However this opens up another potential strength for this approach - If we look at the scenario where a researcher may be running a survey in an environment where there are significantly less detectable sounds per unit time, it appears that a system optimized specifically for very long battery life with a limited number of sounds could be greatly advantageous. It would seem that running a device continually for a long duration would be the only way to assure you catch enough detections for your survey, and you may have to swap SD cards very frequently in order to record for a long enough time-span to gather many actual detections with standard audio devices. Further, in a space such as this, species detection for only a limited number of calls seems like it would be a fair tradeoff considering duration could be extended (to a very high degree..)

So assuming this assertion is accurate, I guess the question would be if this is too limited of a use case. In theory could this be something that could provide a high degree of value, or potentially create research opportunities that are not currently available? I could see utility in things like gunshot detection to combat poaching. I would really appreciate any ideas of which areas of conservation generally this may be useful in!

Also, yes I will reach out! Thank you!

@WMXZ You have got the idea. I am attempting to apply business principles to the researchers perspective. When looking at this from a cost / value (data) generated perspective. Then determine what the use cases may be that would benefit most from a new data collection strategy. It appears that the costs in time and dollars per data point is be extremely high generally, which would then limit the total amount of useful data (with regards to timescale, area coverage, or total projects a researcher can do per year assuming budget limitations). Obviously though, loss of data richness from continual audio recordings is a downside. But I believe there may be applications where a different strategy may be very valuable.

May I ask - What are you specifically meaning when you talk about "legal" in audio recording? I am not very well versed in underwater audio but would love to look into it.

@alex_rogers I love the idea of using the 1 minute averages. I could imagine that would greatly reduce storage requirements as well, or are you saving the audio as well as the spectrogram? I could see using a NN on the front end being useful for the audiomoth in environments with rich sunlight so that you can easily keep it powered via solar. Ive had a similar idea, but am trying to move toward a different approach entirely.

Walter Zimmer

9 July 2024 5:58pm

@TenX_Lab , with "legal" I mean the following situation: To protect the underwater environment from acoustic noise pollution, some states make it obligatory not only to minimize the sound impact but also to monitor the environment before during and after human activities (wind farm construction, port construction work, etc).
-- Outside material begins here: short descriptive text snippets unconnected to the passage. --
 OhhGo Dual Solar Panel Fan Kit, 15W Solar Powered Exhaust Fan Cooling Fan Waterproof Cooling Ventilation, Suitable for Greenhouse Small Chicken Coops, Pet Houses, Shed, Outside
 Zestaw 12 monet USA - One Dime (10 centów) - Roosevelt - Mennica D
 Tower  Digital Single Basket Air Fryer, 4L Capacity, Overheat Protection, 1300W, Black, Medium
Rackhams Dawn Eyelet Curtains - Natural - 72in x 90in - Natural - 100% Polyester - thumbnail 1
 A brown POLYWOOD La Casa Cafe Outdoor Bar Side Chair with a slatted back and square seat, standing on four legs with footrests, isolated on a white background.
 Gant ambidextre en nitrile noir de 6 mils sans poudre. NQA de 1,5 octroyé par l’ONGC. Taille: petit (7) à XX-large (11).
These monitoring programs are required by law (therefore the term "legal") and as such the expected output can easily be defined a-priory and therefore implemented as on-board processing in the acoustic monitoring device. The objective is obviously fundamental different from acoustic based bio-acoustic research.
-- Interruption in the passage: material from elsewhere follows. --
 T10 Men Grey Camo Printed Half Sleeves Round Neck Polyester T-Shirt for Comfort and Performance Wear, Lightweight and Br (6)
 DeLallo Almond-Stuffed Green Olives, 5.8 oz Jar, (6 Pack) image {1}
Edit: yes, gun-shot detection, as indicated in other answers, especially in remote areas and any other applications that ask for real-time alerts over low-bandwidth data links, are such 'legal' use cases that could be improved with 'smart' ARUs.

Morgan

9 July 2024 5:58pm

@WMXZ It appears from looking at all fo the answers to my prompt in the thread that the real value here is in the "real time" element, more-so than the use of edge AI. Especially, it seems, for use in actual animal detection. Though as mentioned there certainly are use cases for that as well.

Working in the regulatory side does seem to be a great use case for RT detection electronics however. I am sure this market is saturated and highly competitive though, and likely to be difficut to enter as a smaller business considering that special ratings and equipment standards likely must be met (though, these may be handled sensor-side).

Are you aware of any areas in the market that are un-met? Or groups/organizations that would be good to contact?

Vanesa Reyes

@vanereyes

WILDLABS

Wildlife Conservation Society (WCS)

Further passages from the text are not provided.